= Elliot Jacobson =

American singer-songwriter

Elliot Benjamin Jacobson is an American drummer, songwriter and producer. He was the producer and cowriter of Vérité for her first EP, Echo and the majority of her second EP, Sentiment. He plays drums for the New York-based singer/songwriter Ingrid Michaelson. He also plays drums for Jenny Owen Youngs, Elle King, Emily Kinney, and Wakey! Wakey!.

Jacobson was born in Houston, TX and moved as a teen to Buffalo, NY. Elliot started playing drums in his middle school band, later playing with A New Easy Way. It was while Jacobson was attending Wagner College on Staten Island, NY that he met Ingrid Michaelson and her bassist Chris Kuffner. Michaelson invited Jacobson to play drums on her first album Slow The Rain. He later played drums on Girls and Boys, Be Ok, Everybody, Human Again, Lights Out and other separate releases.

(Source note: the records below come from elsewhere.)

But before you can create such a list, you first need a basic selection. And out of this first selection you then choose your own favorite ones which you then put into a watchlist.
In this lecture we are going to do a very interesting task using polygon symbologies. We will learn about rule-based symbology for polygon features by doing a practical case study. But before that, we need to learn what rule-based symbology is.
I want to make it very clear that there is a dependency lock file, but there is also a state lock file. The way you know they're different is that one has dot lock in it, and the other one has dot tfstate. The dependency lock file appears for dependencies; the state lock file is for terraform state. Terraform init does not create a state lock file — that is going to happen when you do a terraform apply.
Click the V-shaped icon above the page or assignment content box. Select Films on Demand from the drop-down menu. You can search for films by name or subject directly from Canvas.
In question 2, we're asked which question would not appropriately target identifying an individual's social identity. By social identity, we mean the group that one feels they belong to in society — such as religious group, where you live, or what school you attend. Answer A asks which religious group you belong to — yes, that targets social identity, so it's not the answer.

Jacobson has performed on The Late Show with David Letterman, The Tonight Show with Jay Leno, Late Night with Conan O'Brien, The Ellen DeGeneres Show, Good Morning America, The Rachael Ray Show, Live with Regis and Kelly, The CBS Early Show and others.

Jacobson has performed live with Regina Spektor, Anya Marina, Katie Costello, Greg Holden, David Garza, and many others.

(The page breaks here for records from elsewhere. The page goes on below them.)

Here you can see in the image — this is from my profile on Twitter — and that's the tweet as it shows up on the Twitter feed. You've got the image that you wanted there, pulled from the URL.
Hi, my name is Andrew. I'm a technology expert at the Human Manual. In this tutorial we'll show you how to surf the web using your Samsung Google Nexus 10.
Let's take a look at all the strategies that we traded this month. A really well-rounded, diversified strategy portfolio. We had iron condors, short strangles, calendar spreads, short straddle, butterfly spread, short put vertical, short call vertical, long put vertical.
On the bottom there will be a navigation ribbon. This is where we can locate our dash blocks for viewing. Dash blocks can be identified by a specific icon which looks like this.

As a popular session drummer, Jacobson has recorded with Emily Kinney, Greg Laswell, The Vamps, A Great Big World, Lenka, April Smith, Dan Romer, Hayley Taylor, Nick Howard, Samantha Ronson, Beasts of the Southern Wild, Abigail Breslin, Sarah Blacker, John-Allison Weiss, Jay Stolar, He is We and many others.

In 2010, Jacobson was voted as #1 Up and Coming Drummer in the Modern Drummer Magazine's Readers Poll.

When he is not touring, Jacobson currently resides in Brooklyn, NY.